[Crawled caption data]
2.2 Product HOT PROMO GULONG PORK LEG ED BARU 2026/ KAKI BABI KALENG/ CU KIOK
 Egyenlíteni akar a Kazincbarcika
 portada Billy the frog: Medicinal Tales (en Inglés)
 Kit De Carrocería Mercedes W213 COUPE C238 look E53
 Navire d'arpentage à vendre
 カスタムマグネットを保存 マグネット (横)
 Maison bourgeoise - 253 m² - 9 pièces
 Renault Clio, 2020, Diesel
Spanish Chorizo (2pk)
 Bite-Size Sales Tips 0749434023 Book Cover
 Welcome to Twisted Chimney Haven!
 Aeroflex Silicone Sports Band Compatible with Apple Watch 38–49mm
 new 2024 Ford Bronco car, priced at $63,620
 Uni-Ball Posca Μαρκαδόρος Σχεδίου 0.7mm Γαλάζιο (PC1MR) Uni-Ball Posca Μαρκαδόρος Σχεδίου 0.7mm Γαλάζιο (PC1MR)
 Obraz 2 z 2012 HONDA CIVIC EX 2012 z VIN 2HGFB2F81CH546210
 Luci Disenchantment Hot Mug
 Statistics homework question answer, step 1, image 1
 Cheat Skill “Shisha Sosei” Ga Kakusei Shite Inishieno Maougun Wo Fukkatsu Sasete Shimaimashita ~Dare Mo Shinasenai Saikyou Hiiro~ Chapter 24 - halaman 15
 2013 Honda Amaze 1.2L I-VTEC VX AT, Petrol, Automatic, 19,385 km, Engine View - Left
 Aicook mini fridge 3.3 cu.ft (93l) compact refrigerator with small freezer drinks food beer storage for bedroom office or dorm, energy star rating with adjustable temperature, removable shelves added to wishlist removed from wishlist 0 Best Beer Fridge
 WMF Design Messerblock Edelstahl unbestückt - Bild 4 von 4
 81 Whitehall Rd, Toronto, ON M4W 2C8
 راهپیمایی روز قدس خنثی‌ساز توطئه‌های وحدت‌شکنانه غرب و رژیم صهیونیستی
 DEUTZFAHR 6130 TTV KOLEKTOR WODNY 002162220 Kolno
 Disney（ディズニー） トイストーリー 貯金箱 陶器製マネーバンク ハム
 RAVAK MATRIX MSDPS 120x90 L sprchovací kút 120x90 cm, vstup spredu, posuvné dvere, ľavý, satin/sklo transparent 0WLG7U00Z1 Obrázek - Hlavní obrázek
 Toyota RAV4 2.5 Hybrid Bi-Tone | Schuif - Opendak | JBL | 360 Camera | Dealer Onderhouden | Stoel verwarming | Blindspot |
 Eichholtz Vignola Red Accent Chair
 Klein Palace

▶ [What you are asked to do] Reproduce the records above in full, without altering a single character.

▶ [Response below]
2.2 Product HOT PROMO GULONG PORK LEG ED BARU 2026/ KAKI BABI KALENG/ CU KIOK
 Egyenlíteni akar a Kazincbarcika
 portada Billy the frog: Medicinal Tales (en Inglés)
 Kit De Carrocería Mercedes W213 COUPE C238 look E53
 Navire d'arpentage à vendre
 カスタムマグネットを保存 マグネット (横)
 Maison bourgeoise - 253 m² - 9 pièces
 Renault Clio, 2020, Diesel
Spanish Chorizo (2pk)
 Bite-Size Sales Tips 0749434023 Book Cover
 Welcome to Twisted Chimney Haven!
 Aeroflex Silicone Sports Band Compatible with Apple Watch 38–49mm
 new 2024 Ford Bronco car, priced at $63,620
 Uni-Ball Posca Μαρκαδόρος Σχεδίου 0.7mm Γαλάζιο (PC1MR) Uni-Ball Posca Μαρκαδόρος Σχεδίου 0.7mm Γαλάζιο (PC1MR)
 Obraz 2 z 2012 HONDA CIVIC EX 2012 z VIN 2HGFB2F81CH546210
 Luci Disenchantment Hot Mug
 Statistics homework question answer, step 1, image 1
 Cheat Skill “Shisha Sosei” Ga Kakusei Shite Inishieno Maougun Wo Fukkatsu Sasete Shimaimashita ~Dare Mo Shinasenai Saikyou Hiiro~ Chapter 24 - halaman 15
 2013 Honda Amaze 1.2L I-VTEC VX AT, Petrol, Automatic, 19,385 km, Engine View - Left
 Aicook mini fridge 3.3 cu.ft (93l) compact refrigerator with small freezer drinks food beer storage for bedroom office or dorm, energy star rating with adjustable temperature, removable shelves added to wishlist removed from wishlist 0 Best Beer Fridge
 WMF Design Messerblock Edelstahl unbestückt - Bild 4 von 4
 81 Whitehall Rd, Toronto, ON M4W 2C8
 راهپیمایی روز قدس خنثی‌ساز توطئه‌های وحدت‌شکنانه غرب و رژیم صهیونیستی
 DEUTZFAHR 6130 TTV KOLEKTOR WODNY 002162220 Kolno
 Disney（ディズニー） トイストーリー 貯金箱 陶器製マネーバンク ハム
 RAVAK MATRIX MSDPS 120x90 L sprchovací kút 120x90 cm, vstup spredu, posuvné dvere, ľavý, satin/sklo transparent 0WLG7U00Z1 Obrázek - Hlavní obrázek
 Toyota RAV4 2.5 Hybrid Bi-Tone | Schuif - Opendak | JBL | 360 Camera | Dealer Onderhouden | Stoel verwarming | Blindspot |
 Eichholtz Vignola Red Accent Chair
 Klein Palace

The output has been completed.